Cuentan los que tuvieron el privilegio, más bien la oportunidad, de asistir al funeral del ciclista que la plaza, frente a la Iglesia de San Pedro en Sint-Pietersplein, estaba abarrotada de diversas personalidades y gente del ciclismo (en el templo religioso no debía caber ni un alfiler). No podía ser de otra manera en una ciudad, una zona geográfica y un país que viven el ciclismo con la devoción y fervor propios de una religión.

Y es que el belga era un hombre que se había hecho ya un nombre dentro del pelotón internacional. Sin ser un velocista de primera fila, sino sirviendo como gregario y parte del tren de otros velocistas, había sabido aprovechar las oportunidades que se le presentaron para labrarse un más que notable palmares en el que destacaban dos victorias en vueltas grandes: una en La Vuelta y otra en el Giro.

9 de mayo de 2011. Se disputaba la tercera etapa del del Giro de Italia 2011, entre Reggio Emilia y Rapallo, cuando el dorsal 108 de aquella edición (en la actualidad retirado por la organización) sufría una caída en el descenso del passo del Bocco, a menos de 20 kilómetros para la meta.

A pesar de recibir asistencia médica casi instantáneamente y de llevar puesto el casco, los médicos no conseguían salvar la vida del joven belga, que yacía inerte sobre la carretera. Las imágenes del ciclista belga tendido sobre el asfalto eran aterradoras. Pero no dejaron de emitirse… Ni en un primer momento las imágenes aéreas, ni posteriormente las instantáneas una vez conocida su defunción.

Como diría aquel día Nicole Millar a su marido David Millar (disponible en un artículo que les recomendamos leer) —maglia rosa tras la disputa de aquella fatídica etapa—: «No dejarían de grabarlo. ¿Por qué harían eso? No entiendo porqué lo harían. ¿Qué pasa con su novia? Dicen que está embarazada de cinco meses, como yo».
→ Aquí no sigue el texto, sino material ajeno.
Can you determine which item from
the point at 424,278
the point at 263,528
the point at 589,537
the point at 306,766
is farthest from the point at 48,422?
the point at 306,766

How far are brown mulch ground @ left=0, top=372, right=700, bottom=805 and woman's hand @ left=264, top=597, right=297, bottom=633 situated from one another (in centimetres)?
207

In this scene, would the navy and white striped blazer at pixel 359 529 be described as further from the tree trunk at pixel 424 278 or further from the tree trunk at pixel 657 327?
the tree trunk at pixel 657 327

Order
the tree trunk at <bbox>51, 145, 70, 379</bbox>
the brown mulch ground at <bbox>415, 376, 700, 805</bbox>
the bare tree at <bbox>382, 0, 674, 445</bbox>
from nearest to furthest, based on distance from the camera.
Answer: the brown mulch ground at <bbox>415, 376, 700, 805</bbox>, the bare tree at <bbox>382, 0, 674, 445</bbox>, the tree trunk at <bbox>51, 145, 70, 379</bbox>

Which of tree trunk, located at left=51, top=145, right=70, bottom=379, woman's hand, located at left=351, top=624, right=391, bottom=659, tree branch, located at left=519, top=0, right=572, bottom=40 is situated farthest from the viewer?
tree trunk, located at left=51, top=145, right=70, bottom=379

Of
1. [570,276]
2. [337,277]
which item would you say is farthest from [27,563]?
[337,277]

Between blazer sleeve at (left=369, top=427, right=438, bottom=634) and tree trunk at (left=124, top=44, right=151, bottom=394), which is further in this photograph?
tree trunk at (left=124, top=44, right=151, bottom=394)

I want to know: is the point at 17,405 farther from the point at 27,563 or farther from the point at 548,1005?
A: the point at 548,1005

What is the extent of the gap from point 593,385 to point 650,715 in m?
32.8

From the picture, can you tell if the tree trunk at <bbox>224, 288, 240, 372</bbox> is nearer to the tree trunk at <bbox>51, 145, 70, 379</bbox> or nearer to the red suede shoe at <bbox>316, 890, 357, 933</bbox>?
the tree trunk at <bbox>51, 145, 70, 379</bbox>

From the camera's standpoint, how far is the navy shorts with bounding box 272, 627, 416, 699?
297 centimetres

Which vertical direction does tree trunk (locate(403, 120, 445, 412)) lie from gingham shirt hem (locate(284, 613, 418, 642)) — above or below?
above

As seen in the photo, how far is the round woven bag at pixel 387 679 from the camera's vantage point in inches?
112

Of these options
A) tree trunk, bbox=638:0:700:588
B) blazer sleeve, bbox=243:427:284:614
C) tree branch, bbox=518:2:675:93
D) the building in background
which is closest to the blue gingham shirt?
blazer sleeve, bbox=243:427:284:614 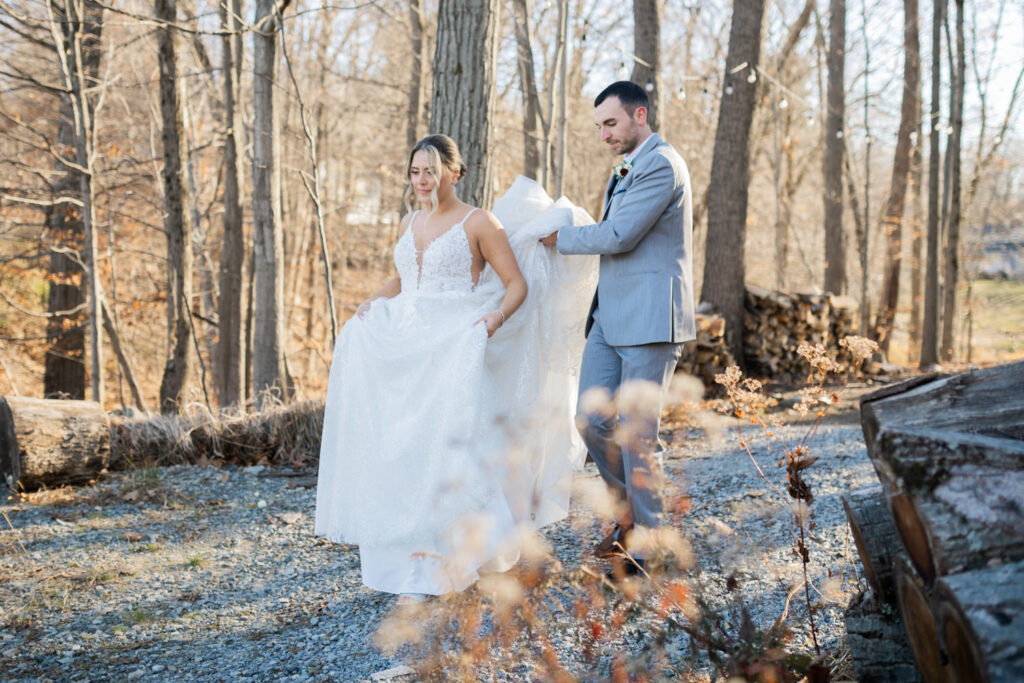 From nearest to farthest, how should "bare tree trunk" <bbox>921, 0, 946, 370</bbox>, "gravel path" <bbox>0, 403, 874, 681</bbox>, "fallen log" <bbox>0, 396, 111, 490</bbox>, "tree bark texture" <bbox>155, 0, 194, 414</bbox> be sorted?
"gravel path" <bbox>0, 403, 874, 681</bbox> → "fallen log" <bbox>0, 396, 111, 490</bbox> → "tree bark texture" <bbox>155, 0, 194, 414</bbox> → "bare tree trunk" <bbox>921, 0, 946, 370</bbox>

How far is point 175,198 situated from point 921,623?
29.5 ft

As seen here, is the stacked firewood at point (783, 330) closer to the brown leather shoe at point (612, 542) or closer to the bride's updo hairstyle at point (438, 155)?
the brown leather shoe at point (612, 542)

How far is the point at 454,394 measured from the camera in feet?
11.3

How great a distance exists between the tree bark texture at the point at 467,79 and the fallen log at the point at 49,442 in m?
3.15

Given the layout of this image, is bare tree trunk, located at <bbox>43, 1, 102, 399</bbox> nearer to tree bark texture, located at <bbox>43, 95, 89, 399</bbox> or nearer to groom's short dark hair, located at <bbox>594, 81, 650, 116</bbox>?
tree bark texture, located at <bbox>43, 95, 89, 399</bbox>

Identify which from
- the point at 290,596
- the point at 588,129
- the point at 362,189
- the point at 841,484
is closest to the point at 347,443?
the point at 290,596

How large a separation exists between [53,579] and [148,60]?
15.7 meters

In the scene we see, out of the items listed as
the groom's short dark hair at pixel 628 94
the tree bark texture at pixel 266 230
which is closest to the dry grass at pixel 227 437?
the tree bark texture at pixel 266 230

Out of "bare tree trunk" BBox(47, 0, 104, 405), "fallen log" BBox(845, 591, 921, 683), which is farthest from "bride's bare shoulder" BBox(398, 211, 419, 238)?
"bare tree trunk" BBox(47, 0, 104, 405)

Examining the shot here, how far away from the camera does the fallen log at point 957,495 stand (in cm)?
154

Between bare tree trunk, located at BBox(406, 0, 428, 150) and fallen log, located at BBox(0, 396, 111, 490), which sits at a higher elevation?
bare tree trunk, located at BBox(406, 0, 428, 150)

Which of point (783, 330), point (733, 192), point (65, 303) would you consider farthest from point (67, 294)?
point (783, 330)

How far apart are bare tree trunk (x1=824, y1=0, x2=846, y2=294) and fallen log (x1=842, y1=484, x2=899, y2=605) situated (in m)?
11.2

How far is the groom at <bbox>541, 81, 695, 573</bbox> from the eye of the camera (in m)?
3.38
Y es que, como ya hemos comentado en algún otro artículo, en la comunicación y en el ciclismo solo vale la inmediatez, lo morboso o agitador, que genere rápidos clics o impresiones, sin importar el daño o dolor que se pueda causar, ni reparar en empatizar con la familia y entorno de la posible víctima.

En este y otros aspectos no han cambiado demasiado las cosas. Aunque el ciclismo ha cambiado notablemente desde los comienzos de la segunda década del siglo, la seguridad del ciclista no tanto, sigue siendo un tema controvertido y que a veces da la sensación de pasar inadvertido, o quedar relegado a un segundo plano en las altas esferas de este deporte. Y sobre todo, que tampoco generan la unión que debieran o merecieran en el seno del pelotón internacional. Esa unión que sí que pareció mostrar ante el fatídico desenlace que hoy recordamos.

Han pasado diez años, pero el dorsal centootto sigue presente en nosotros.